Skoda invited Dan and around 50 influencers from around Europe to Prague for a weekend to meet the new Skoda fabia & a visit to the home of Skoda: Mladá Boleslava.
The point of the weekend was to reveal the new Fabia, and to learn how forward-thinking and practical the designers are at Skoda. So I’ll start by saying yes I was impressed… and then I’ll tell you all about the crazy experience I had flying in vintage aeroplanes.
The itinerary simply said ‘flyby of the Skoda factory’. I was expecting a small propeller plane, very much like a mini bus with wings. Instead, a powerful hulk of a biplane plane taxied around the corner, looking fresh from the set of Indiana Jones. Bench seats, rope handles, leather seat belts for the pilots. Everything reeked of engine oil, and the noise and vibration was phenomenal. 10 passengers out of their comfort zone, pressing their phones and cameras to the windows to record every visceral moment. The old airfield stretches through much of the town, and the Skoda factories sit alongside it…and around the rail track sidings…and to the north of the town there’s another massive complex. Its clear that Skoda IS the town, yet its full of life and historic buildings.
The Antonov flight was such an overwhelming sensory experience. It was 35 degrees on the ground, and it may as well have been 45 inside the plane. It was just all so intense. The flight home on the Easyjet felt like silk in comparison.
After five glorious but bewildered minutes on the ground, I was completely unprepared for the lunacy of my second air experience. A canvas-stretched 2 seater propeller plane…that’s apparently too fragile to lean on. One hour earlier I was reading the information plaque about this plane in the museum next to the airfield. Now I was being guided in to the front seat.
An eighty year old aeroplane enthusiast stood in front of the plane, and gave a thumbs up to my 60-something year old pilot. In the ears of my flight headphones the pilot says a few phrases in Czech, and then the old man whips the propeller around by hand. He looks like he’s been doing it every weekend for decades, but the shock on his face when the motor starts tells me this never gets old. While the Antonov 2 belched exhaust fumes and seemed to bully its way in to the sky…this little two seater pogos down the bumpy grass airstrip and lifts in to the sky with just enough power to get us off the ground. There’s a simple control stick waggling between my legs, two rudder pedals connected with thin wire and a dashboard with 6 dials and a compass. Simple. It seems impossible that any of these flights would ever happen in the UK – so I’m delighted to have had such a bonkers experience.

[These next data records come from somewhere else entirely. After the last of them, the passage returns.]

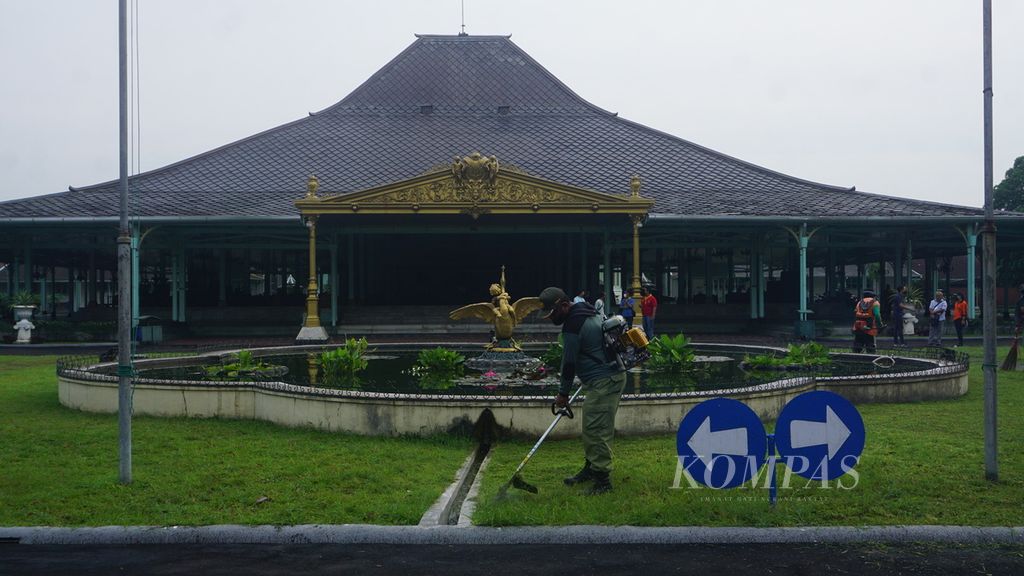 Seorang petugas memotong rumput dalam rangka kerja bakti di Pura Mangkunegaran, Kota Surakarta, Jawa Tengah, Jumat (25/3/2022). Kerja bakti tersebut merupakan bagian dari persiapan diadakannya rangkaian acara presidensi G20 di kota tersebut.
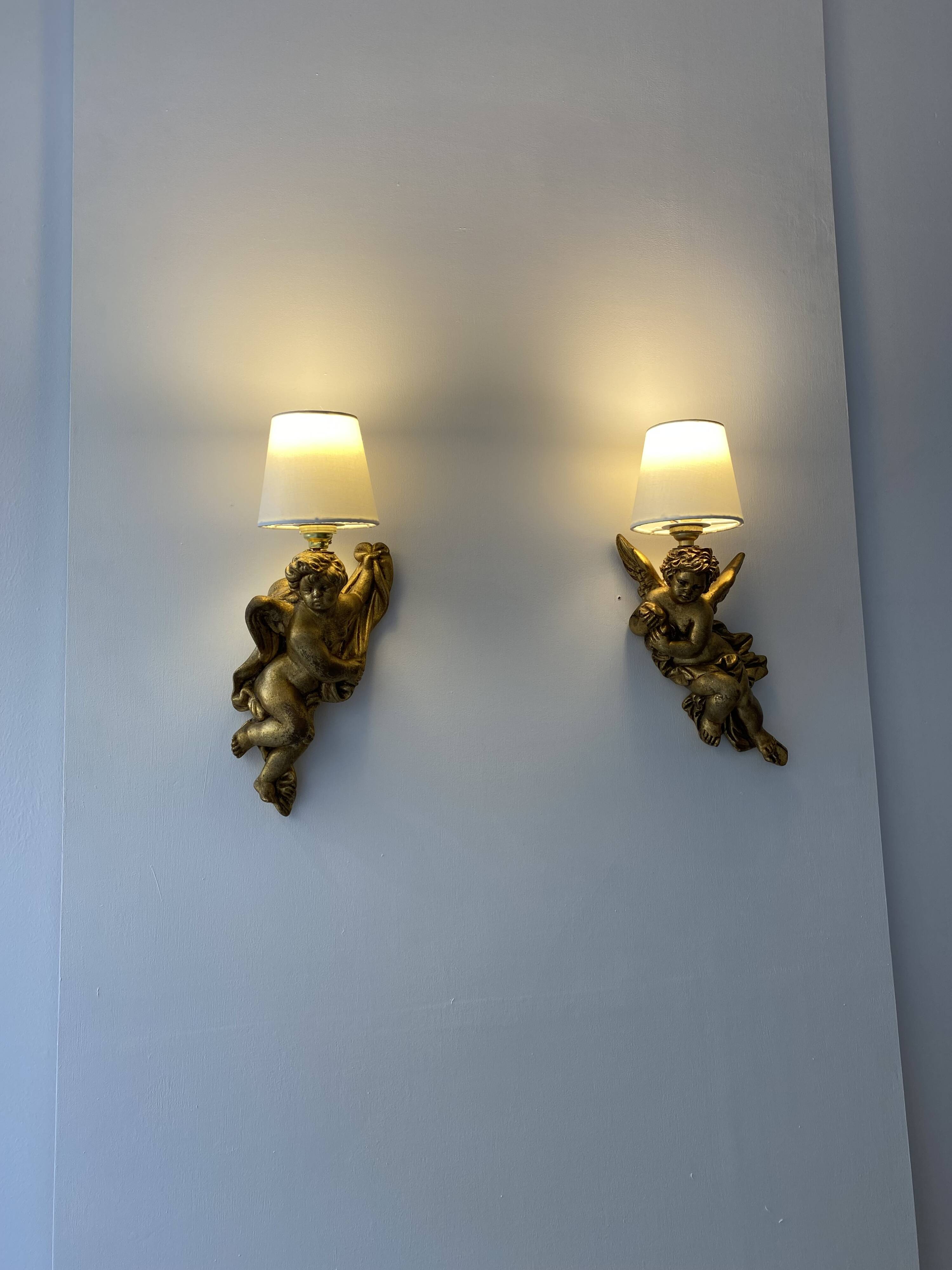 Pair of golden Puttis wall lights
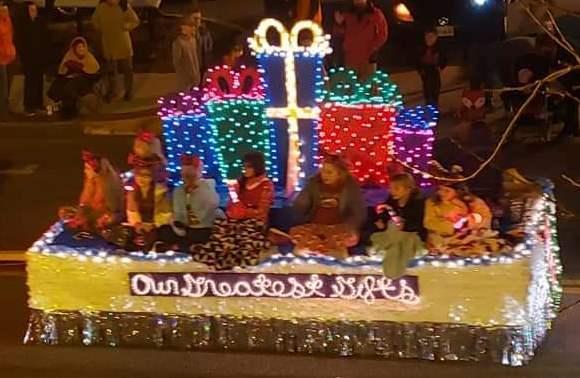 Float with students seated in front of packages outlined with lights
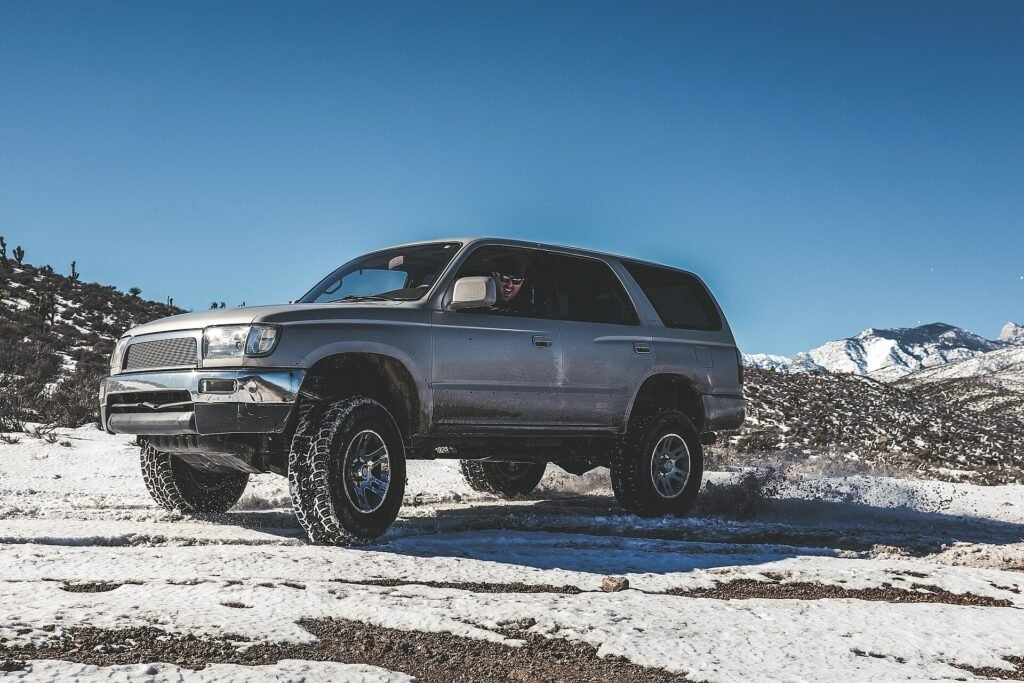 Four-wheel-drive SUV parked on a snowy mountain trail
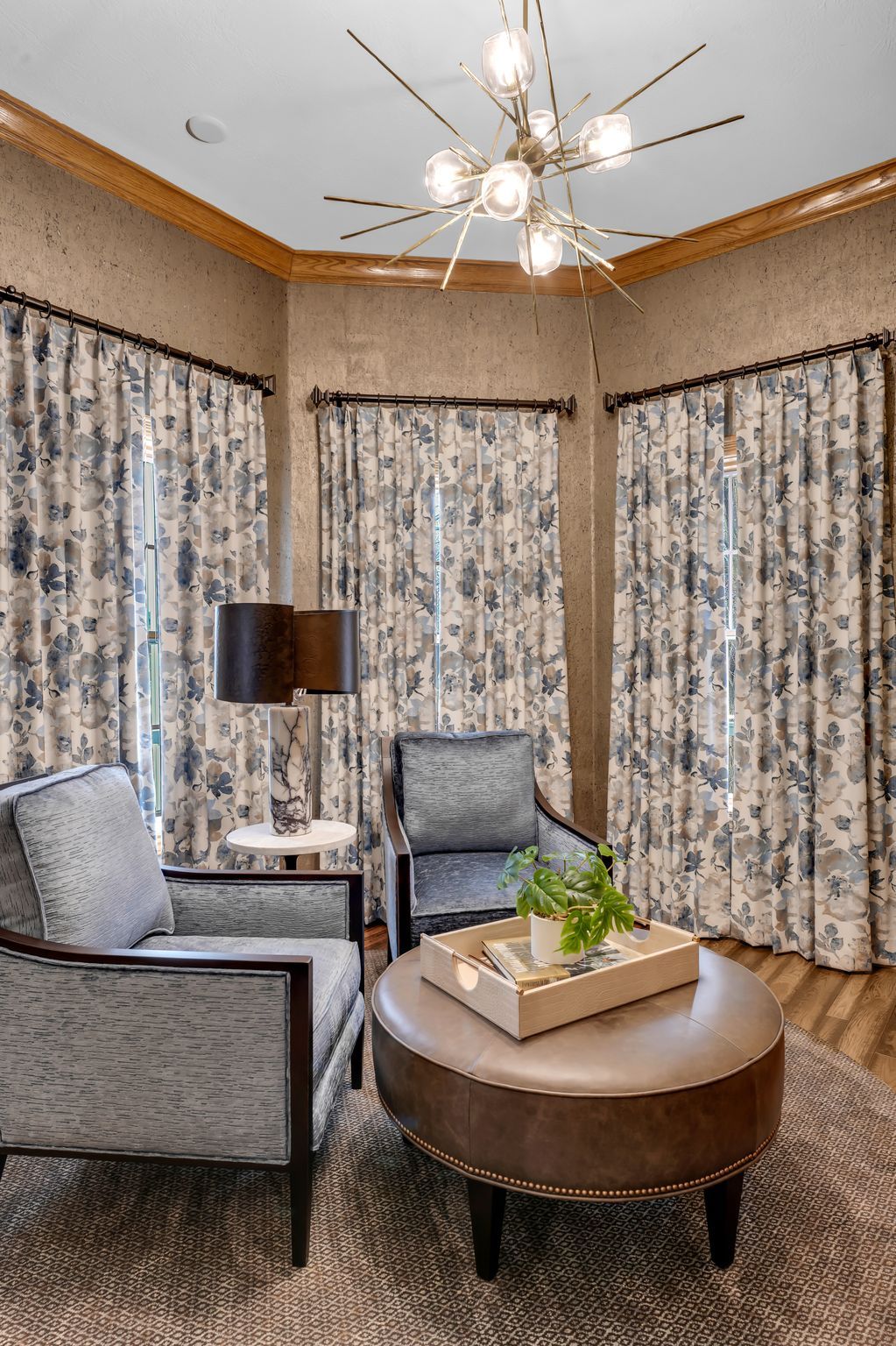 Living room with two armchairs, a round ottoman, and patterned curtains.
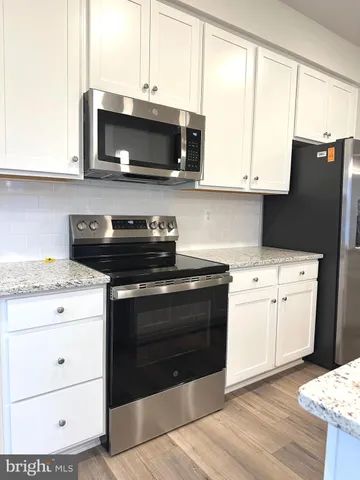 a kitchen with stainless steel appliances a stove microwave and sink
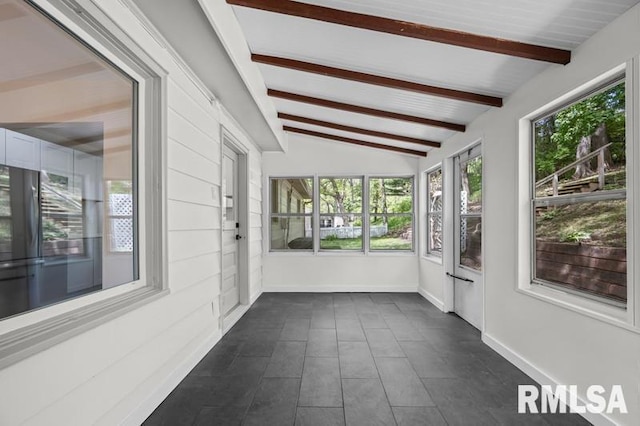 unfurnished sunroom with baseboards and vaulted ceiling with beams
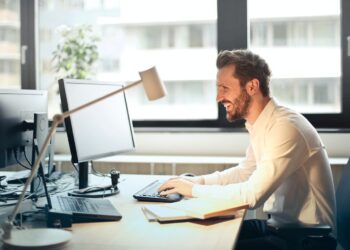 Man in White Dress Shirt Sitting on Black Rolling Chair While Facing Black Computer Set and Smiling | FintechZoom
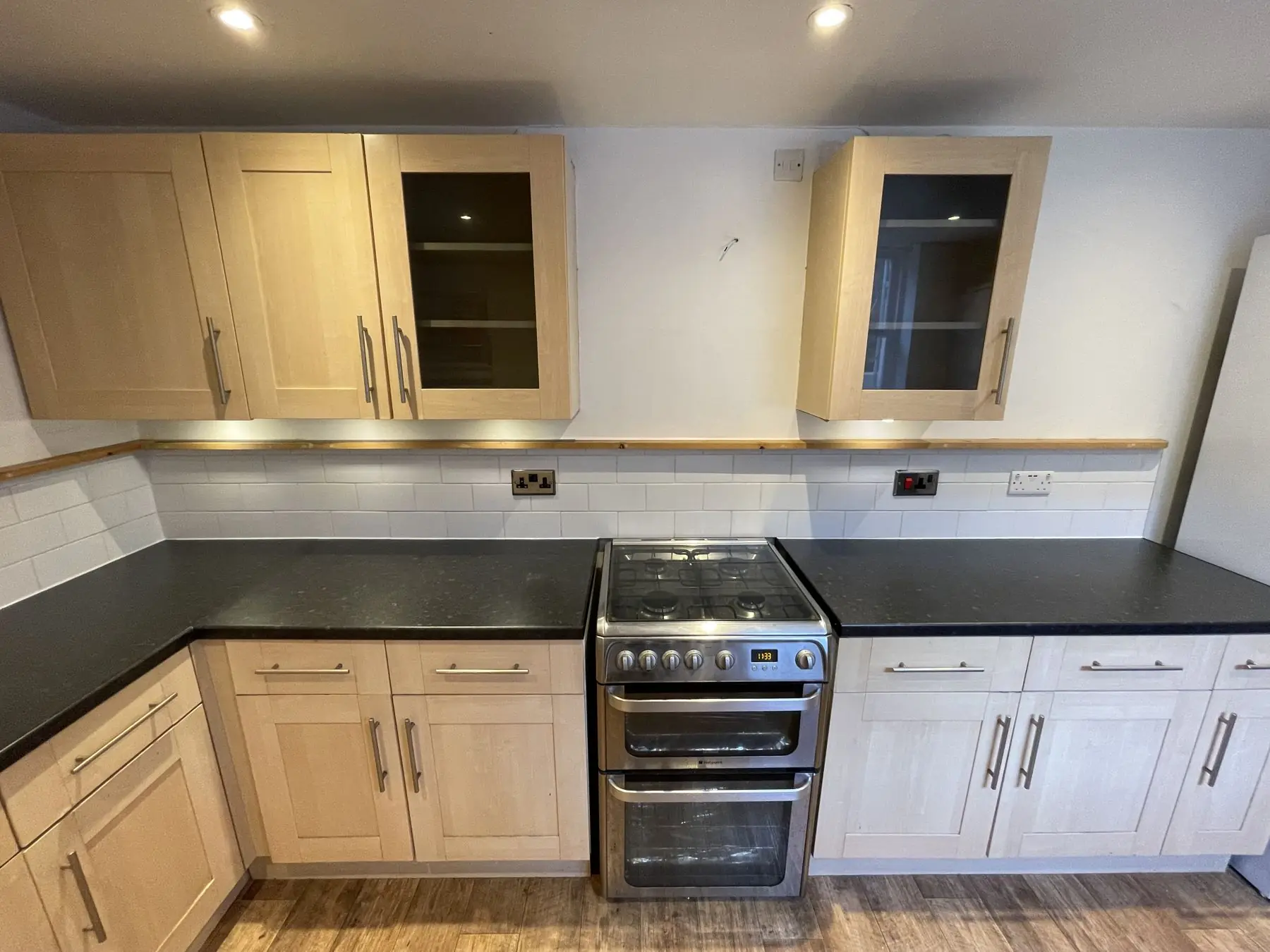 Rental kitchen with new black worktops fitted by Aveiro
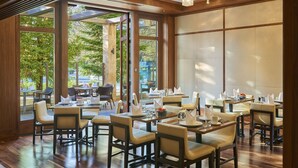 A spacious dining area with multiple tables and chairs, large windows offering views of the outdoors, and a modern interior design with wooden beams and ceiling lights. - Clement Palo Alto – All-Inclusive Urban Resort (Palo Alto)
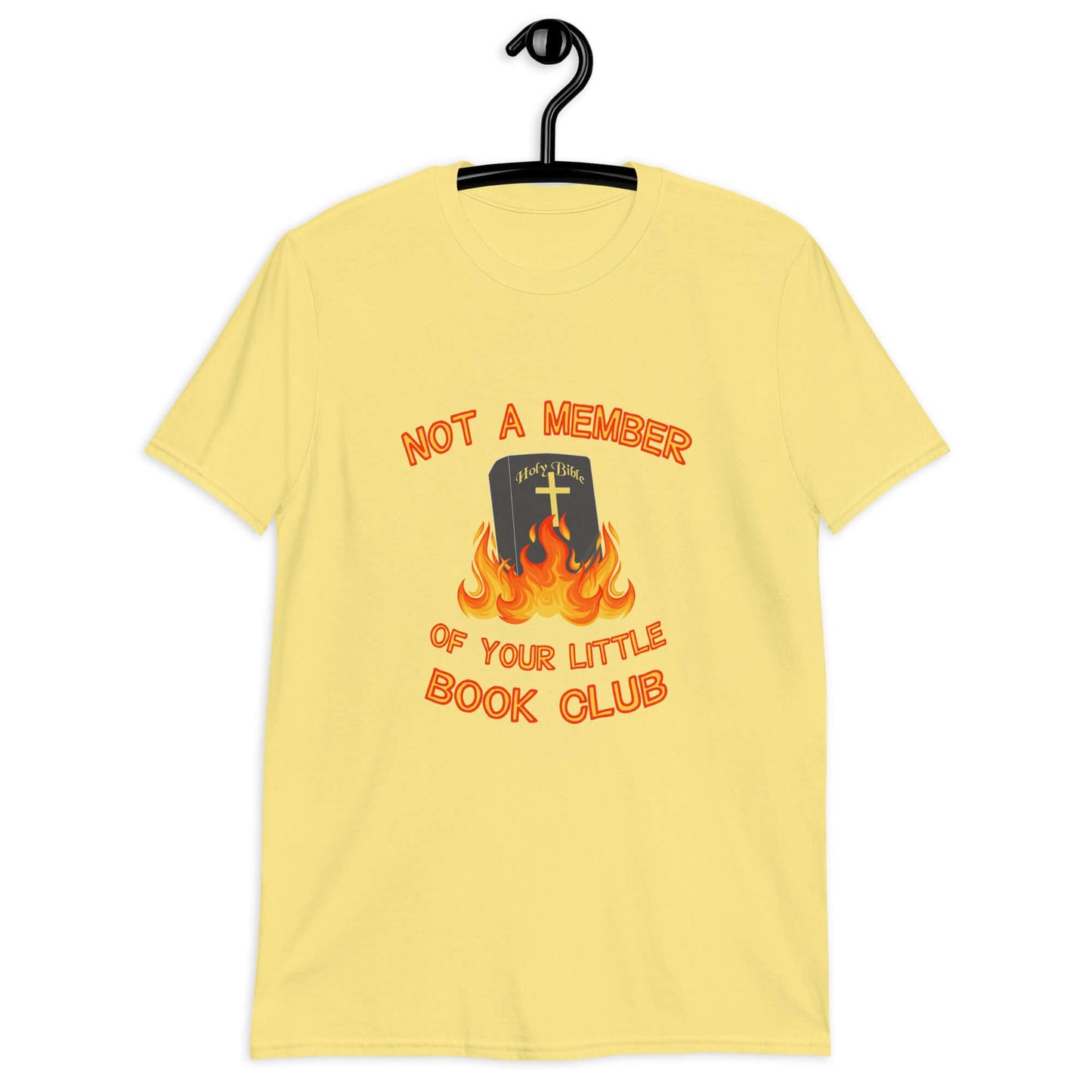 Cornsilk yellow t-shirt with image of a burning bible and the words Not a member of your little book club printed on the front.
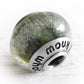 Green and blue glass bead encased  with floating cremation ashes 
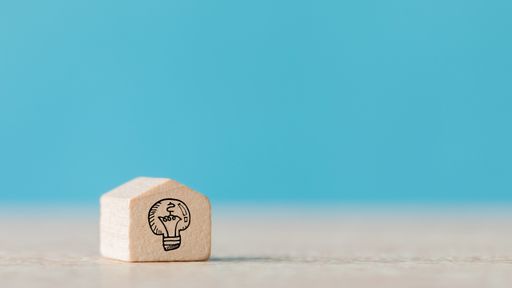A wooden cube with the icon of idea on a blue blurred background - concept of creativeness, new ideas
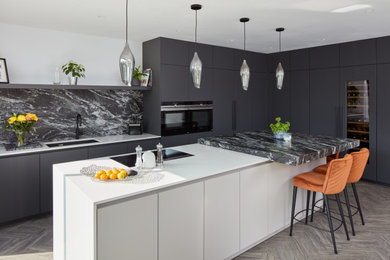 Photo of a large contemporary l-shaped eat-in kitchen in London with flat-panel cabinets, black cabinets and with island.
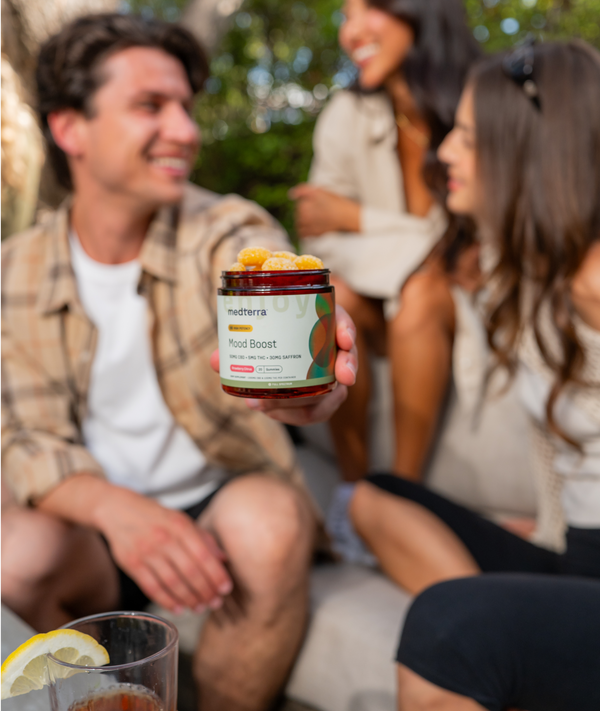A smiling man holds a jar of 幸运飞行艇168体彩开奖网 Mood Boost gummies, made with the highest quality pure ingredients, towards the camera while sitting with two women. They appear to be in an outdoor setting, enjoying each other's company. The scene is bright and cheerful, with drinks on the table in the foreground.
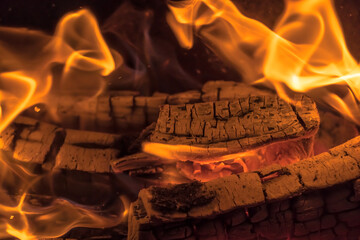 A blazing fire in the dark. Inflammation of firewood in the fire. A bright burning flames. Sparks...
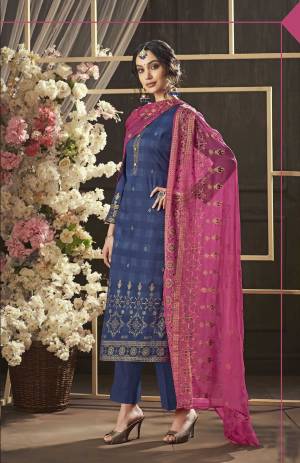 Add This Pretty Dress Material To Your Wardrobe And Get This Stitched As Per Your Desired Fit And Comfort. Its Top And Bottom Are In Blue Color Paired With Contrasting Dark Pink Colored Dupatta. Its Top And Bottom Are Cotton Based Paired With Chiffon Dupatta. Buy This Now.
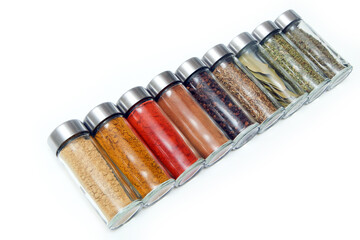The different types of spices and herbs stored inside the small closable glass bottle isolated on a white background. 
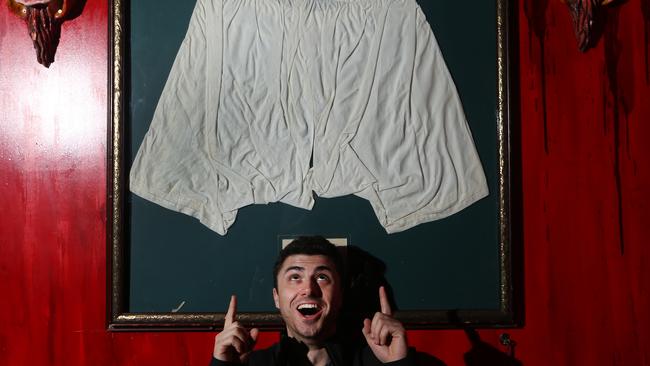 Luke Newman with Queen Victoria's underwear. Picture Glenn Hampson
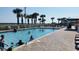 Gathering swimming pool with palm trees, lounge chairs, and beach views at 5300 N Ocean Blvd. # 518, Myrtle Beach, SC 29577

The real focus of the weekend was the new face-lifted Fabia. The car won best small car in ‘What Car’ Car of the Year 2017, and I wouldn’t be surprised if it wins again this year.
As a child, I remember Skoda being the butt of jokes in the playground and on the TV. I’ve had a problem with the styling on quite a few Skoda cars in the past, but I think the latest Fabia looks great.
Before we even got behind the wheel of a car, we took a tour of the Skoda Digilab, in central Prague. The Digilab is one of those cool stripped-back designer hubs (don’t say office) with a collection of teams building Skoda visions of the future. We saw presentations about car sharing, a kind of car Airbnb thing, helpful apps and electric cars and the like. Car ownership, it seems, might soon turn in to car membership – especially if you’re a student living in a city.
It all made a lot of sense to me. Why do we even own cars? Most cars are used for less than one hour per day. They spend their time taking up space, costing money and collecting dings and scratches in car parks. Can our cities really afford for everyone to own a four-wheeled status symbol? Its pretty clear that the planet can’t sustain it. I can’t wait for a future where car ownership becomes rare.
In the mean time, I’m 100% behind improving safety. I’ve talked about my feelings toward modern cars before, and its great to discover that even super-mini cars by Skoda get collision warning safety features and genuinely useful tech.
With a tiny 1 litre turbo-charged petrol engine, its nippy in town and totally adequate on the motorway. The build quality felt easily as good as any other car I’ve driven recently. The interior looked great, and was comfy, too.
We had a little confusion with the in-car Satnav before we left the hotel. Our Anglicised street name spellings weren’t recognised by the system, so we plugged a phone in via USB, and used Google maps instead. As you’d expect in the modern world, the 6.5″ touch screen acted as an interface with the phone, via Android Auto (or iPhone). Simply use your preferred map app, and skip between tracks on Spotify from the steering wheel at the same time. This is a premium and thoroughly unexpected feature.
I recently drove a two year old Audi A6 hire car in Sweden, and it didn’t have those features. My Qashqai beeps “incompatible” warnings every 20 seconds if you plug an Android phone directly in to the USB. If you’re thinking “my car doesn’t even know what a phone is”, let me tell you now that when your car and phone work together, you’ll wonder how you’ve ever coped before.
I drove three of us from Mladá Boleslav, back to explore the tourist sites of Prague. Its easy to see why the Skoda factory is so large. The roads of Czech are full of Skoda cars. You can easily count 10 Skoda in a row, before another brand appears on the road, and then 10 more before the next. Our three weekender suitcases fitted in the boot easily, and the DJ with the iphone on the backseat handled the music and set the tourist destinations on the Satnav. It was effortless and comfortable – precisely how travelling by car should be. I just can’t wait for the future when we don’t actually have to own a car.
Collaboration Note: Dan was invited by Skoda to attend this press trip. Flights and expenses were paid for by Skoda. All words, images and opinions are his own.